Lecture 10 - April 28: Continue Parsing, syntactic ambiguity, treebank, Probabilistic CFG, Lexicalized PCFG, Dependency grammar, dependency parse, types of parsers, shift-Reduce parsing, probabilistic dependency parsing, parsing as a classification problem, story intention graph, SIG encodings, Scheherazade annotation tool

 

Week 6: Midterm

Lecture 11 - May 3: Midterm Review
Lecture 12 - May 5: Midterm exam

 

Week 7: Natural Language Understanding II: Chunking, Sentence Structure And Parsing, Natural Language Understanding For Q&A.
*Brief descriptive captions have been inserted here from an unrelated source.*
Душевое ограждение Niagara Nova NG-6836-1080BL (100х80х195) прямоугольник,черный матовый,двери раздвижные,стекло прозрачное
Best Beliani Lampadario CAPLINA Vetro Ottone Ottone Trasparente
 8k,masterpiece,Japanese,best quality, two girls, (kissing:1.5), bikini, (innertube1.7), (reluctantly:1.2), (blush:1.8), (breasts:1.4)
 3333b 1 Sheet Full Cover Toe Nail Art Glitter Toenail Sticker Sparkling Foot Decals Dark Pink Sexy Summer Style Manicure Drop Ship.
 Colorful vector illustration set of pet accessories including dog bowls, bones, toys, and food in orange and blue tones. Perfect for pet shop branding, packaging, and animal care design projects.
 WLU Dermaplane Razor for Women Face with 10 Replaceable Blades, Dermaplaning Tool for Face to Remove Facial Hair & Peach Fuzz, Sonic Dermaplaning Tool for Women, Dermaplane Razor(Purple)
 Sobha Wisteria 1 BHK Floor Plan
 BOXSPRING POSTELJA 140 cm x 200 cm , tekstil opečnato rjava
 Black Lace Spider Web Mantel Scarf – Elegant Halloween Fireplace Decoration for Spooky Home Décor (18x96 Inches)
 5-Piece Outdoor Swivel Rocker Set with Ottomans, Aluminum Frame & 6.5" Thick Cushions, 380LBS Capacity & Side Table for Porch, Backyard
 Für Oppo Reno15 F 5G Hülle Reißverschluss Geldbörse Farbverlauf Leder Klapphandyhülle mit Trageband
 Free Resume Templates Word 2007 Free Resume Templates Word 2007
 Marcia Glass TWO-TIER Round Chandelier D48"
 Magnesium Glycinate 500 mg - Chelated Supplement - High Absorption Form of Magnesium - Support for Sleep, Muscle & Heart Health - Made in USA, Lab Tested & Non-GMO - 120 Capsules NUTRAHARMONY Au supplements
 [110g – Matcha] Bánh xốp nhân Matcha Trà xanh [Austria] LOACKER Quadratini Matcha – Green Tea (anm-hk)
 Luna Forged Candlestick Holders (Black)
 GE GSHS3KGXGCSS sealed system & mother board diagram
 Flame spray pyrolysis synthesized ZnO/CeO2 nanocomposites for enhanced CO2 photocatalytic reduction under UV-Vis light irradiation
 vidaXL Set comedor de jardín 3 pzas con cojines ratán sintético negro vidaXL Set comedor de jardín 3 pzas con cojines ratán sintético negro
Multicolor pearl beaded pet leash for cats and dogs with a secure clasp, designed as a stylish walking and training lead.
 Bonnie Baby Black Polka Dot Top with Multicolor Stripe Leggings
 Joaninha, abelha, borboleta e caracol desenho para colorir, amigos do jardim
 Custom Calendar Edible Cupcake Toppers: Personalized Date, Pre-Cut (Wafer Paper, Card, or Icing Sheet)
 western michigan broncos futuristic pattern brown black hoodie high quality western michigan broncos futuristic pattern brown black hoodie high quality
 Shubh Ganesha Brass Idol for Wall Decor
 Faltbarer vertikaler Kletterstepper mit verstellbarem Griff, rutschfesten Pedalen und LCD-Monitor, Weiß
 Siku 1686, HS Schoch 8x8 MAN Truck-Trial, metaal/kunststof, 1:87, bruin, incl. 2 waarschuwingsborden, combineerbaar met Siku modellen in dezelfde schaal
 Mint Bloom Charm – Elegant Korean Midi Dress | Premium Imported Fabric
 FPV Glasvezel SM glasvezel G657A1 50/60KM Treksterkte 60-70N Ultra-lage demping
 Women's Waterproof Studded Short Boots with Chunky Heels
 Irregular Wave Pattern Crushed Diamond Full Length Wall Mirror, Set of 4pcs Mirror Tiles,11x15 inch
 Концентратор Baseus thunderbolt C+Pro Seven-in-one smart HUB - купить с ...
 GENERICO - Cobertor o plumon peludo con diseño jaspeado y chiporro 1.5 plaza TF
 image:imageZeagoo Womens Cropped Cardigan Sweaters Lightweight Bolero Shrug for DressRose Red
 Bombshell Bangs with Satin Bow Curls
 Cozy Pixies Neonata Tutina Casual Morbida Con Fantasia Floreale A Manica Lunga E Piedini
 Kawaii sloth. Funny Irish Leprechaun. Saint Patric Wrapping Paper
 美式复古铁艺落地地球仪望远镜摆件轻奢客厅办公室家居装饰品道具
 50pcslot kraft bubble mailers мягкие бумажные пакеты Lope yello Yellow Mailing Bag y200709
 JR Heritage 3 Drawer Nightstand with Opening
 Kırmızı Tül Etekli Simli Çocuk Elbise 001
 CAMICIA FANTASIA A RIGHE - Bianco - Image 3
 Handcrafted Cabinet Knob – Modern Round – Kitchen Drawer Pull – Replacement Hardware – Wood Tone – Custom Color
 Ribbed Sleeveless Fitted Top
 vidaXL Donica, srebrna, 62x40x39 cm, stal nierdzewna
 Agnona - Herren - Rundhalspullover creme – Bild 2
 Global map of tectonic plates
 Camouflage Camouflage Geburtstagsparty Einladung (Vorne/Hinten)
Lecture 13 - May 10: HW3 held-out results, Introduction to question-answering, types of questions, iR-based factoid QA, question processing, answer type taxonomy, answer type detection approaches, assignment 6 overview, evaluation metrics for qA, qA Pipeline, Question reformulation, introduction to using syntax for QA 

 

Lecture 14 - May 12: what is syntax, using syntactic representation for question-answering, chunking, constituency parse, dependency parse, data structure for using parse trees, manipulating constituency trees, reading dependency graphs, increasing precision using syntax, stanford parser dependency structure, HW6 Stub code demo

 

Week 8:  Question Answering  II: Working With NLU Representations For Q&A.

 

Week 9: Question Answering III: Lexicons & Lexical Semantics for Q&A.

 

Week 10: Question Answering Competition & Final Exam In Class Slot.